Well, I was out jogging yesterday and noticed a milk week plant and took the pod home.
The wind was blowing southeast and I assumed the seed would drift off in that direction. 
I opened it up and sent a fluff in the air, it drifted southeast until the hot air rising off my shed roof was evidently causing a vacuum and once that seed got about 10 feet from my shed it went straight up over the shed, never to be seen again!! 

You guys have to try this stuff it will make you look at your scent trail so much differently! Plus it is a great fire starter!!


----------



## torowy (Jun 19, 2008)

the fluffy little parachute seeds?


----------



## hoghunter011583 (Jul 21, 2008)

Yeah, It will show you just what the thermals are doing. I was standing on a small hill this morning and had the wind in my back.
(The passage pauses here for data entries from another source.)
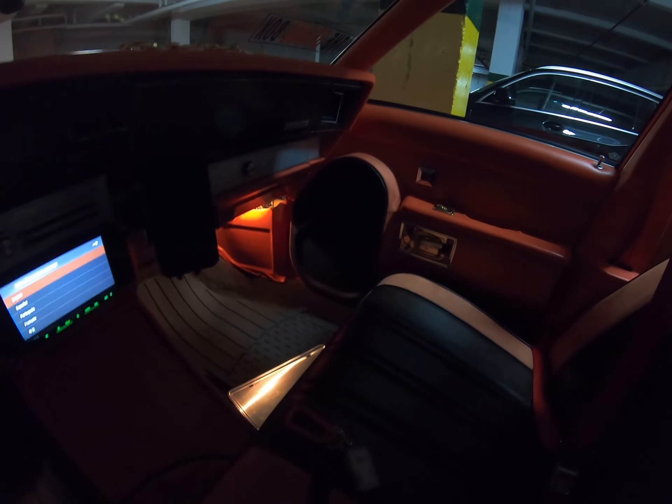Custom console for the iPad. Speakers in the deck.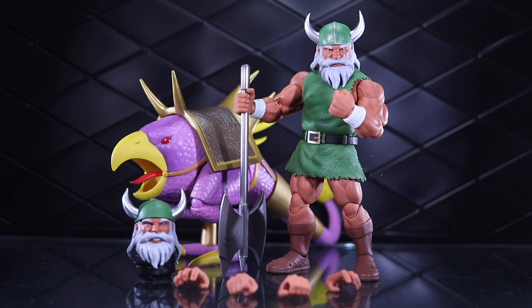At $135, my buyer's brain is telling me that this figure is way overpriced. But if that is the case, then why am I so glad that I did buy it?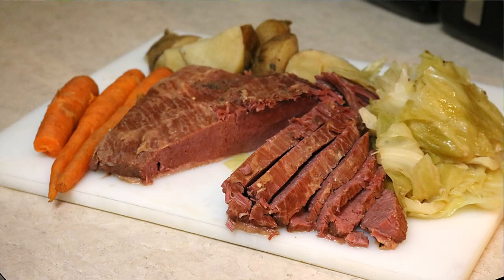Hi, I'm Donna. Welcome to another episode of Armadillo Pepper TV. St. Patrick's Day is right around the corner, so today I'm going to make a St. Patty's Day classic, corned beef. When I was a kid, my mom used to make corned beef all the time, but it took three hours in the oven. Today I'm going to make fork tender corned beef in my power pressure cooker in 90 minutes.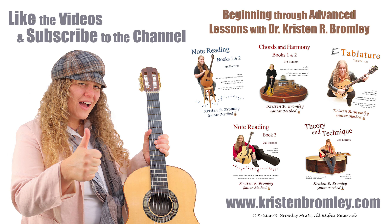If you found this video helpful, please hit the like button and subscribe to the channel. For more in-depth lessons and to progress through a free guitar course, check out my Guitar 101 series on YouTube, and my guitar method books, which all come with access to hours of in-depth video lessons. You can find more information about me and my products at kristenbromley.com. Take care.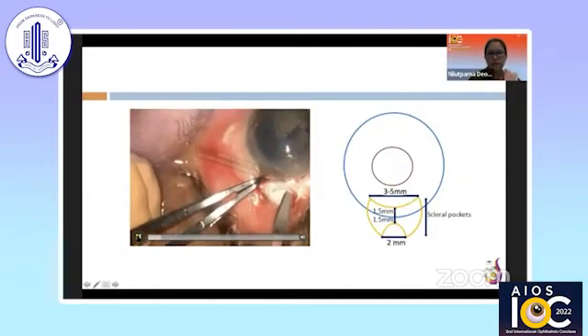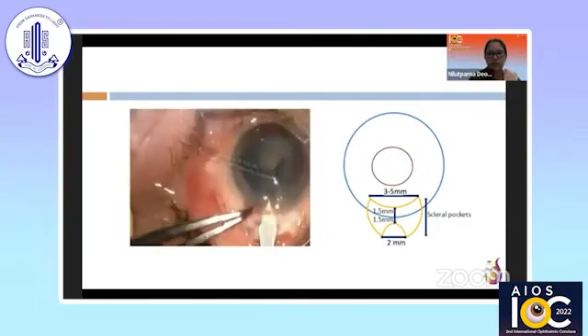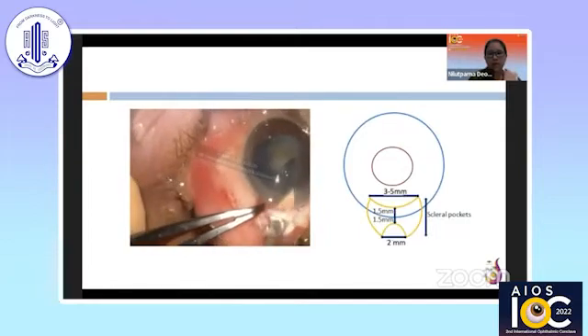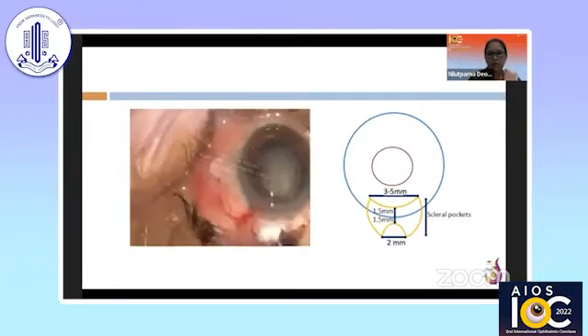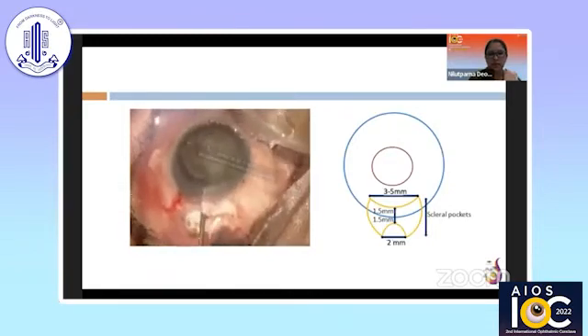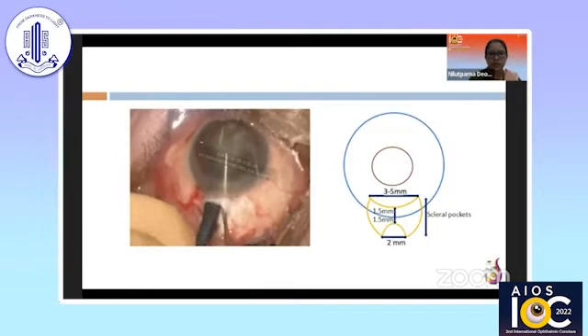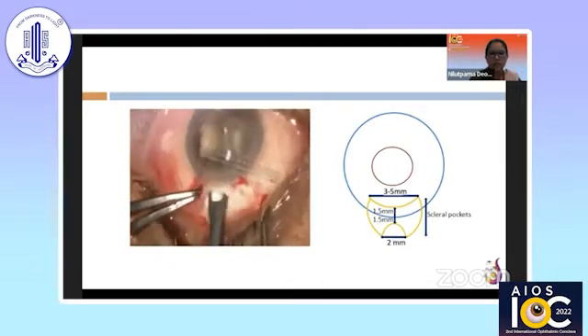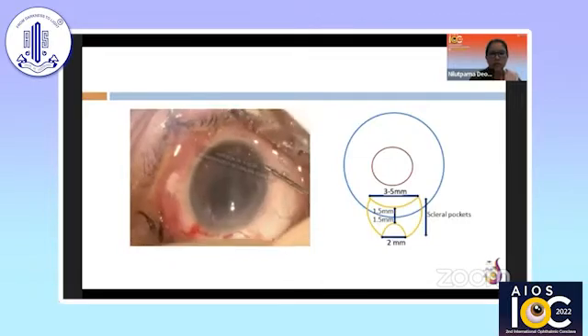After creation of the scleral pocket, we entered the AC with the keratome, but I had not made any initial back cuts in this video. After prolapsing the nucleus, it was held steady with the left hand using the vectis, and as we continuously put in the visco and brought in the fragmented nucleus, you can observe there was a purse-string effect. This purse-string effect occurred because I did not give the back cut initially — I had thought it was only needed when implanting the PMMA IOL.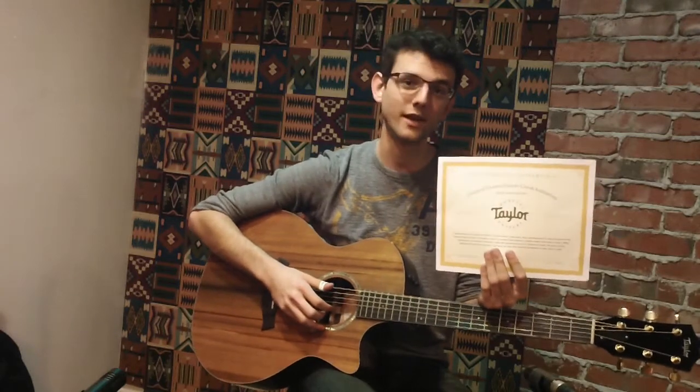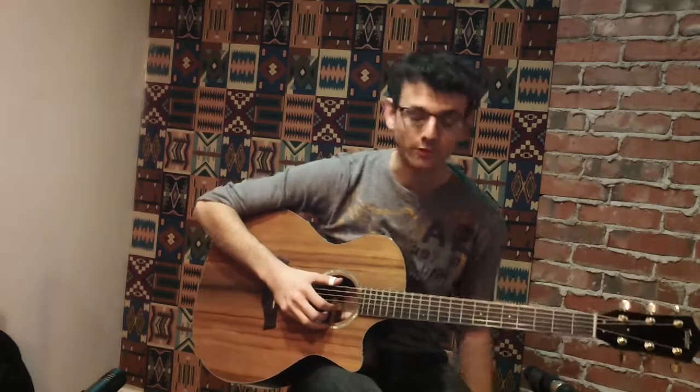Hey, it's Ted Nicolosi coming at you here from the House of Guitars. There's a limited edition Taylor Grand Auditorium guitar specially made by Taylor to commemorate the 50th anniversary of the House of Guitars. This guitar is one of six custom Grand Auditoriums crafted, and it features unique sinker redwood tops, rosewood back and sides, and an ebony fingerboard. This thing is beautiful.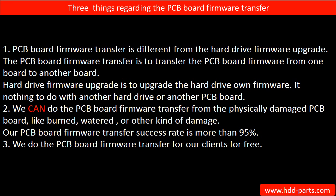Regarding the hard drive PCB board firmware transfer, we have three things to mention. First, PCB board firmware transfer is different from the hard drive firmware upgrade. The PCB board firmware transfer is to transfer the PCB board firmware from one board to another board. The hard drive firmware upgrade is to upgrade the hard drive's own firmware — it has nothing to do with another hard drive or another PCB board.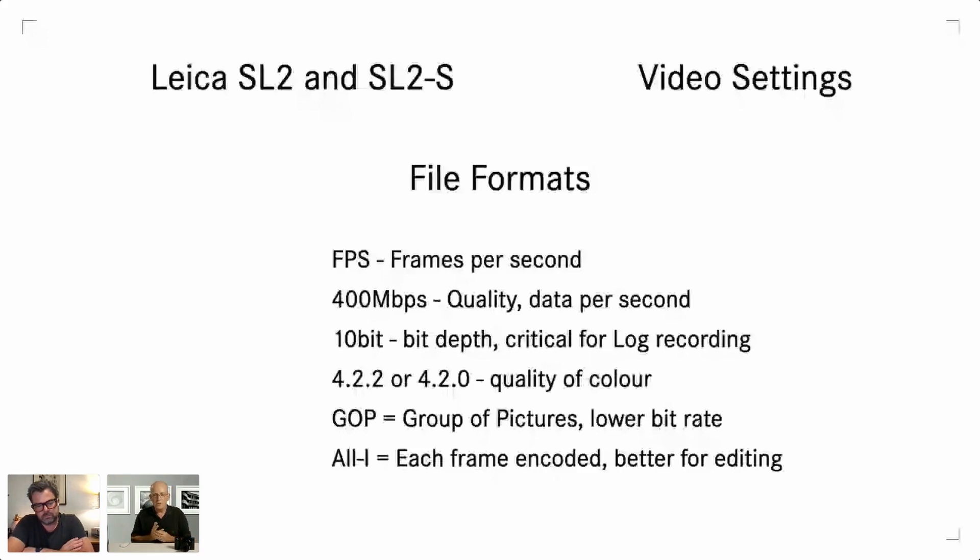All-I versus GOP: GOP stands for Groups of Frames, which are compressed together to save space. All-I means each individual frame is compressed individually — a series of individual images — which makes it more editable but results in larger file sizes. GOP gives you smaller files but at a slight quality cost. For maximum quality, shoot at maximum frame rate, maximum bits per second, 4:2:2 color, and All-I — that will give you the most quality the camera is capable of.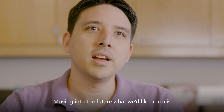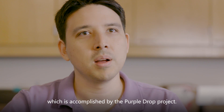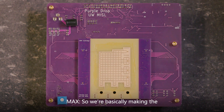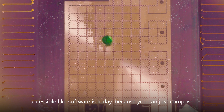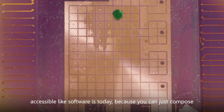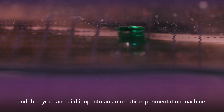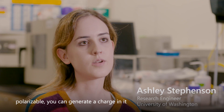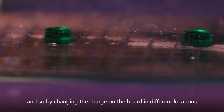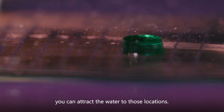Moving into the future, what we'd like to do is move fluids around in a more intelligent way, which is accomplished by the Purple Drop project. We're basically making the biological primitives — moving and mixing droplets — accessible like software is today, because you can just compose it as much as you want. You can start with simple systems and then build it up into an automatic experimentation machine. Because water is polarizable, you can generate a charge in it, and by changing the charge on the board in different locations, you can attract the water to those locations.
Let the mild weed lose and it went behind me which would seem to be into the wind, then it traveled up to about head level and went in front of me and then sailed straight up. The rising thermal took it way up till I lost sight uf it. So, I could have hunted that spot even though I thought the wind was at me back!! Pretty excited about this stuff!!


----------



## TEX-O-BOB (Sep 12, 2007)

I'm a bird taxidermist and have access to endless supplys of feathers. A little tuft of goose or swan down gives you the same result. Good stuff man.

Until now I'd never heard of the milkweed thing... Pretty cool. I'll bet it's what the ****** used to use!

Woodsmanship folks! These guys get it...;-)


----------



## Longgun (Sep 7, 2007)

TEX-O-BOB said:


> Until now I'd never heard of the milkweed thing... Pretty cool. I'll bet it's what the ****** used to use!
> 
> Woodsmanship folks! These guys get it...;-)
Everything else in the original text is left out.